Uniform tail coefficients form the canonical privacy-compatible sampler.

Equations

• Cslib.Crypto.Protocols.SecretSharing.Shamir.uniformTailSampler params = { gen := PMF.uniformOfFintype (Cslib.Crypto.Protocols.SecretSharing.Shamir.Randomness params), map_add_eq_self := ⋯ }

theorem Cslib.Crypto.Protocols.SecretSharing.Shamir.view_indist_of_tailSampler {F : Type u_1} {Party : Type u_2} [Field F] [Fintype Party] (params : Params F Party) (sampler : TailSampler params) (s : Finset Party) : ¬authorized params s → ∀ (secret₀ secret₁ : F), viewDistOf sampler.gen (share params) s secret₀ = viewDistOf sampler.gen (share params) s secret₁

Translation-invariant Shamir tail samplers induce secret-independent views for unauthorized coalitions.
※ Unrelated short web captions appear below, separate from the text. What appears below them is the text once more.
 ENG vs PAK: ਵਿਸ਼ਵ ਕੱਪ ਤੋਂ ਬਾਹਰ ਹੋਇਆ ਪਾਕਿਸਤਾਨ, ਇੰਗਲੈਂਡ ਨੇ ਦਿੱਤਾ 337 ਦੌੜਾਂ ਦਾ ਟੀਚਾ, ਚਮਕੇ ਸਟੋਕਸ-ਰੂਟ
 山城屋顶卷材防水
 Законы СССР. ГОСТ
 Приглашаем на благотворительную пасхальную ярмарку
noncomputable def Cslib.Crypto.Protocols.SecretSharing.Shamir.schemeWith {F : Type u_1} {Party : Type u_2} [Field F] [Fintype Party] (params : Params F Party) (sampler : TailSampler params) : Scheme F (Randomness params) Party F

Shamir's scheme built from a privacy-compatible tail sampler.

Equations

• One or more equations did not get rendered due to their size.
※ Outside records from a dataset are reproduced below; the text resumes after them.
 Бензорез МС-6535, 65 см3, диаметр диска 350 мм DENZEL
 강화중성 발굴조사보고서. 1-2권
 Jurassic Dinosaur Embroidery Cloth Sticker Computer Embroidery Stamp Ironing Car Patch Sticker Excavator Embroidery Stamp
noncomputable def Cslib.Crypto.Protocols.SecretSharing.Shamir.scheme {F : Type u_1} {Party : Type u_2} [Field F] [Fintype Party] (params : Params F Party) [Fintype F] [Nonempty F] : Scheme F (Randomness params) Party F

The canonical finite-field Shamir scheme with uniformly sampled tail coefficients.

Equations

• Cslib.Crypto.Protocols.SecretSharing.Shamir.scheme params = Cslib.Crypto.Protocols.SecretSharing.Shamir.schemeWith params (Cslib.Crypto.Protocols.SecretSharing.Shamir.uniformTailSampler params)

@[simp]

theorem Cslib.Crypto.Protocols.SecretSharing.Shamir.schemeWith_authorized_iff {F : Type u_1} {Party : Type u_2} [Field F] [Fintype Party] (params : Params F Party) (sampler : TailSampler params) (s : Finset Party) : (schemeWith params sampler).authorized s ↔ params.threshold + 1 ≤ s.card

@[simp]

theorem Cslib.Crypto.Protocols.SecretSharing.Shamir.scheme_authorized_iff {F : Type u_1} {Party : Type u_2} [Field F] [Fintype Party] (params : Params F Party) [Fintype F] [Nonempty F] (s : Finset Party) : (scheme params).authorized s ↔ params.threshold + 1 ≤ s.card

@[simp]

theorem Cslib.Crypto.Protocols.SecretSharing.Shamir.schemeWith_share_eq {F : Type u_1} {Party : Type u_2} [Field F] [Fintype Party] (params : Params F Party) (sampler : TailSampler params) (coeffs : Randomness params) (secretValue : F) (i : Party) : (schemeWith params sampler).share coeffs secretValue i = share params coeffs secretValue i

theorem Cslib.Crypto.Protocols.SecretSharing.Shamir.reconstruct_view_eq_secret {F : Type u_1} {Party : Type u_2} [Field F] [Fintype Party] (params : Params F Party) (sampler : TailSampler params) (coeffs : Randomness params) (secretValue : F) {s : Finset Party} (hs : (schemeWith params sampler).authorized s) : (schemeWith params sampler).reconstruct s ((schemeWith params sampler).view s coeffs secretValue) = secretValue

Any authorized coalition reconstructs the secret from the shares it sees.